Big Blue Bermudan Beauty
On a recent boat trip with his family from the United States to Bermuda, South African expat Rich Davies helped wrestle a 1 289 lbs (585 kg) Blue Marlin aboard his boat off Argus Bank in Bermuda at the end of May 2012 – making headlines throughout the fishing world.
Rich Davies, now living in North Carolina in the US, made the 45-hour journey across the Atlantic with his family and a two-strong crew aboard his boat, a 70-foot Bertram named Seafari. The boat spends most of its time off the coast of Florida but frequently travels along the East Coast and to the Bahamas.
It was the afternoon of 30 May and their second day of fishing in Bermuda when the team aboard Seafari, assisted by local captain and fishing guide Alan Card, hooked onto the colossus on the south-east side of Argus Bank.

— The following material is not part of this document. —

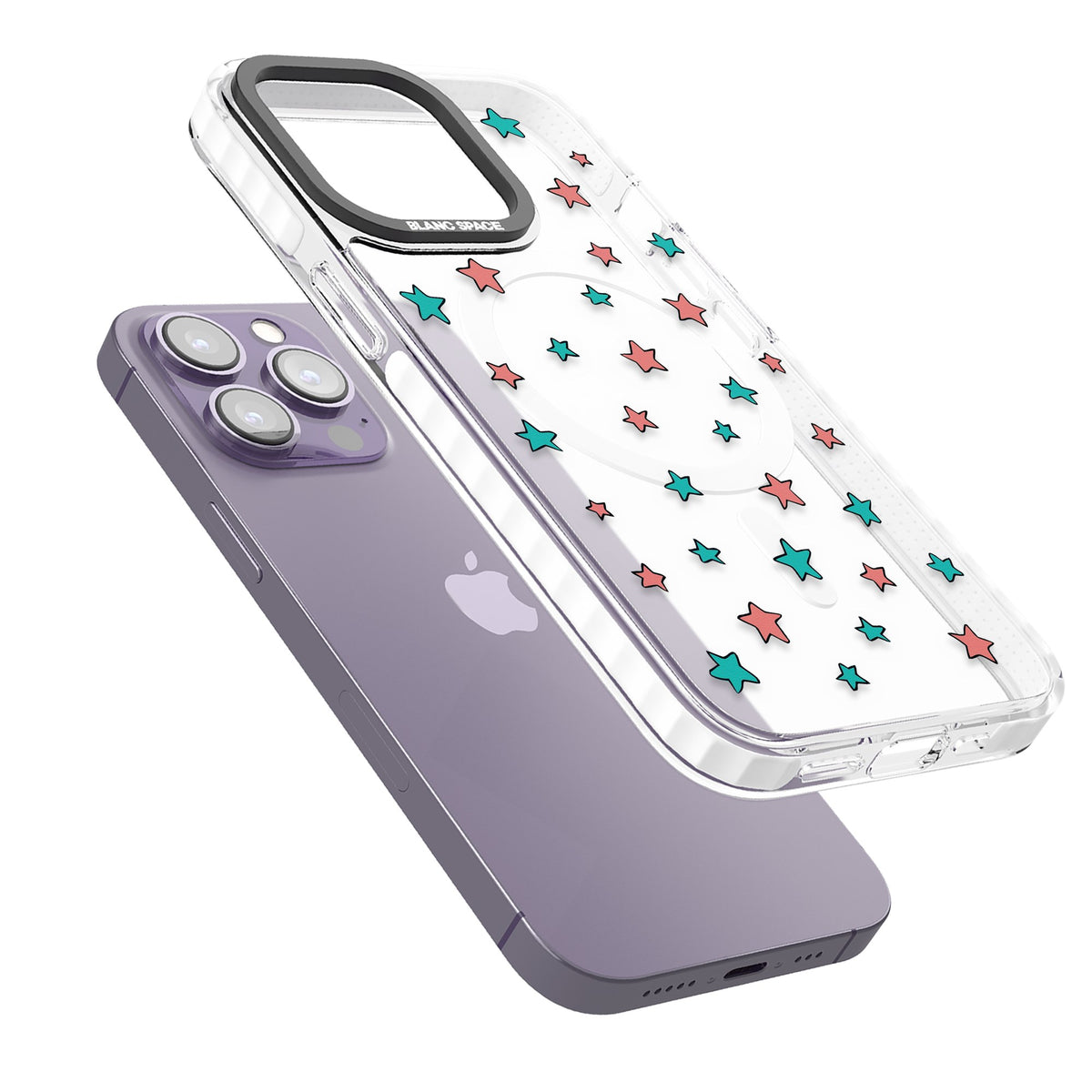 Heartstopper Stars Pattern iPhone 13 Pro / iPhone 13 Pro Max / iPhone 14 Pro / iPhone 14 Pro Max / iPhone 15 Pro / iPhone 15 Pro Max Impact Pro Clear Phone Case angled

Card commented that it was the biggest Blue Marlin hooked that he has ever seen in his career. “It has to be one of the biggest Blue Marlins ever caught in the Atlantic,” he told BERNEWS, “people spend millions of dollars and wait years just to see a fish like this.”
Taking turns on the rod, the team fought for four long hours to subdue the 15 ft (4.5 m) fish. According to Seafari’s skipper, Karl Alvik, they were planning on releasing the fish once caught “because we do not kill fish on our boat”. But during the epic battle between crew and Marlin the fish’s tail had somehow become wrapped in the line and she was dead by the time they finally dragged her aboard.
The crew on board was gloomy finding the fish had died but on the other hand elated with the terrific catch. They were celebrating all the way to the docks in Hamilton where hundreds of onlookers who had heard of the fish were waiting to catch a glimpse. According to Card, the news of the monster Marlin had spread like wildfire throughout the fishing world even before they had docked. “Even on the way home people were calling us from all over the world once they had heard about the fish we were bringing in.”
When the boat arrived at the PW Dock on Front Street, Hamilton, the team aboard Seafari was overwhelmed with spectators’ praises who had turned up to see the weigh-in and to get a photo with the giant fish. The 15-foot fish with a tailspan of 4.5 feet (1.38 metres) was cut up and divided among the crowd that had gathered at the dock.
Davies thanked God for the catch and had words of praise for their guide Alan Card. In tribute to the big catch, Davies announced that he will soon be making a donation to an orphanage in Zululand in his native South Africa.